Figure 3 shows a schematic view of a countermeasure according to a second embodiment of the invention;

Figure 4 shows a schematic view of the motor of Figure 1 having been subjected to the countermeasure of the first embodiment;

Figure 5 shows a missile according to a third embodiment of the invention; and Figure 6 shows a flow chart illustrating the steps of a method according to a fourth embodiment of the invention.

Detailed Description

Figure 2 shows a schematic view of a countermeasure 200 according to a first embodiment of the invention. The countermeasure 200 comprises a container 201 holding a plurality of pieces 203 of magnetic material. The container 201 is arranged to receive and retain the plurality of pieces 203.

In this example embodiment, the pieces 203 comprise iron filings. However, it will be appreciated that the pieces 203 need not necessarily be filings. In alternative embodiments, the pieces 203 may comprise one or more of filings, shavings, chips, ball bearings, and swarf. It may be that the pieces 203 are a by-product of a filing or machining operation. Alternatively, the pieces 203 may be specifically manufactured for use in the countermeasure. It will be appreciated that the plurality of pieces 203 need not necessarily all be the same, and therefore that the plurality of pieces could comprise any combination of the above described alternatives.

In alternative embodiments, the pieces 203 may be made of materials other than iron. In such embodiments, the pieces may be formed of any magnetic material, for example iron, nickel, cobalt, or aluminium. In some embodiments, the pieces are formed of one or both of ferromagnetic and ferrimagnetic materials. Ferromagnetic and ferrimagnetic materials are both attracted to magnets.
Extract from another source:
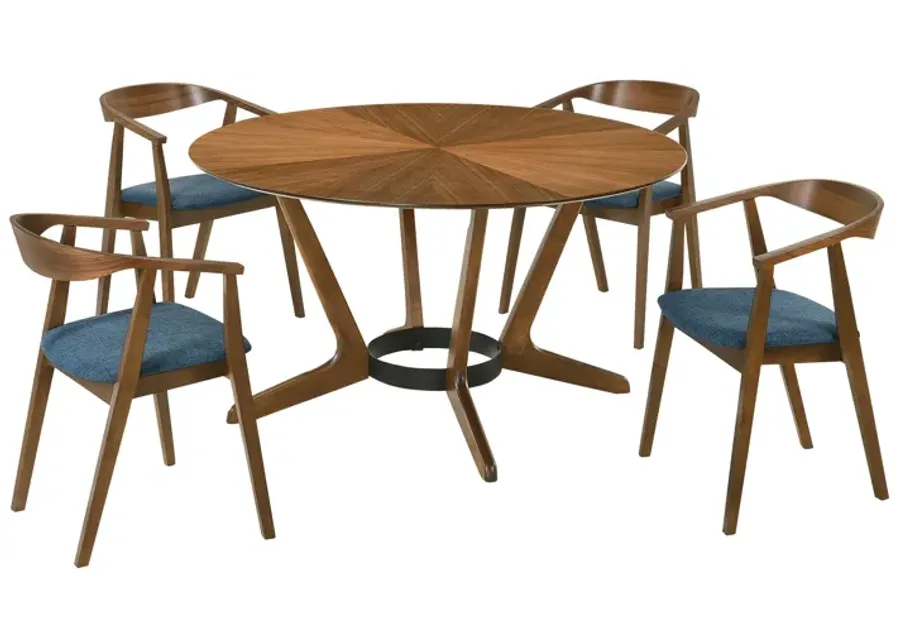 Santana 5 Piece Round Walnut Wood Dining Table Set with Blue Fabric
Thus, in some embodiments in which the pieces comprise one or both of ferromagnetic and ferrimagnetic materials, a greater number of the pieces may be ingested into the motor due to their attraction to the magnet in the motor. Such embodiments may therefore provide a more reliable and/or effective countermeasure. Again, the plurality of pieces 203 need not necessarily be uniform and, in some embodiments, may comprise a mixture of pieces formed of different materials. Additionally or alternatively, countermeasures in accordance with the present embodiments may provide a mechanically simple and/or cost effect countermeasure for use against vehicles with electric motors, for example drones.
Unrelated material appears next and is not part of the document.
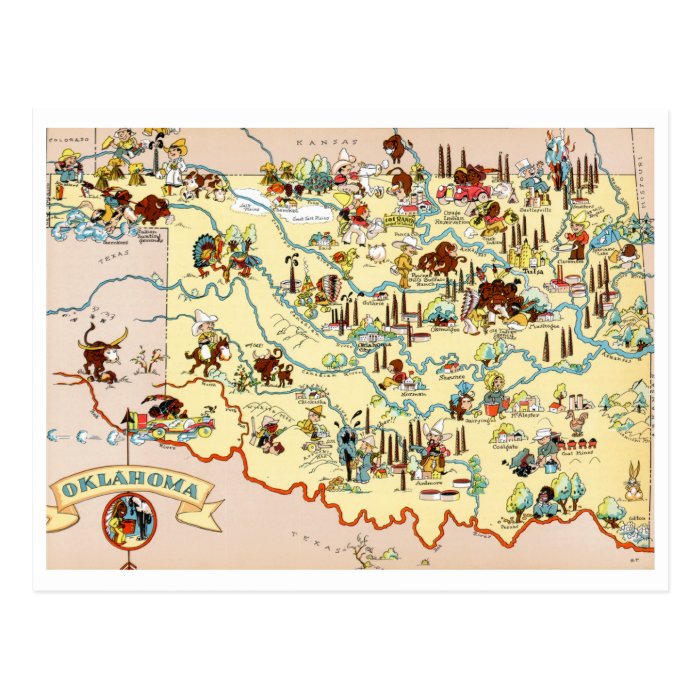 Oklahoma Funny Map Post Cards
Whilst in Fig. 1 the pieces 203 of magnetic material are shown as being circular, it will be appreciated that Fig.1 is a schematic representation of countermeasure 200 and that the pieces need not be circular or spherical. For example, the pieces 203 may be spherical, cuboidal, pyramidal, or indeed any other shape, regular or irregular. In some embodiments of the invention, the plurality of pieces 203 may be any size and shape suitable for being ingested into a target electric motor. The possible sizes and shapes of the pieces 203 is therefore determined by the size and form of the target motor and/or vehicle.
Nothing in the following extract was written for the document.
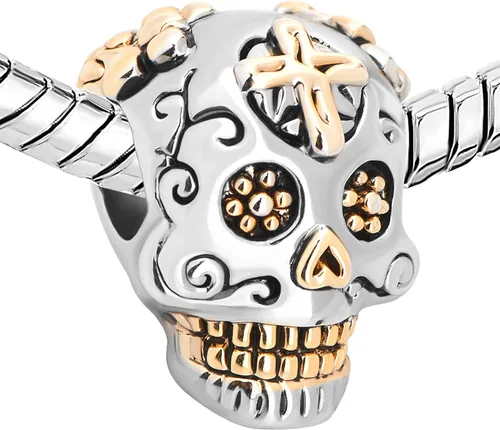 Vista 2 de TGLS Abalorio de calavera dorada compatible con pulseras Pandora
In some embodiments, each of the plurality of pieces 203 has a maximum length of less than 2.5mm, preferably 1mm, more preferably less than 0.5mm, yet more preferably less than 0.25mm. In some embodiments, each of the plurality of pieces has a maximum length of less than 0.025mm, preferably 0.05mm, more preferably 0.1mm, yet more preferably 0.5mm. In some embodiments, the plurality of pieces 203 are each of substantially identical size and shape. Embodiments in which the plurality of pieces 203 are of substantially uniform size and shape may be particularly effective against motors of a particular type and/or size. Such embodiments can therefore be said to be specialised for use against that particular type and/or size of motor. In alternative embodiments, the plurality of pieces 203 are of non-uniform size and shape. It may be that filings of certain size are more suitable for disrupting electric motors of a given size, for example depending on the size of the motor’s air gap. Embodiments in which the plurality of pieces 203 vary in size and shape may therefore be suitable for use against a range of different motor types and sizes.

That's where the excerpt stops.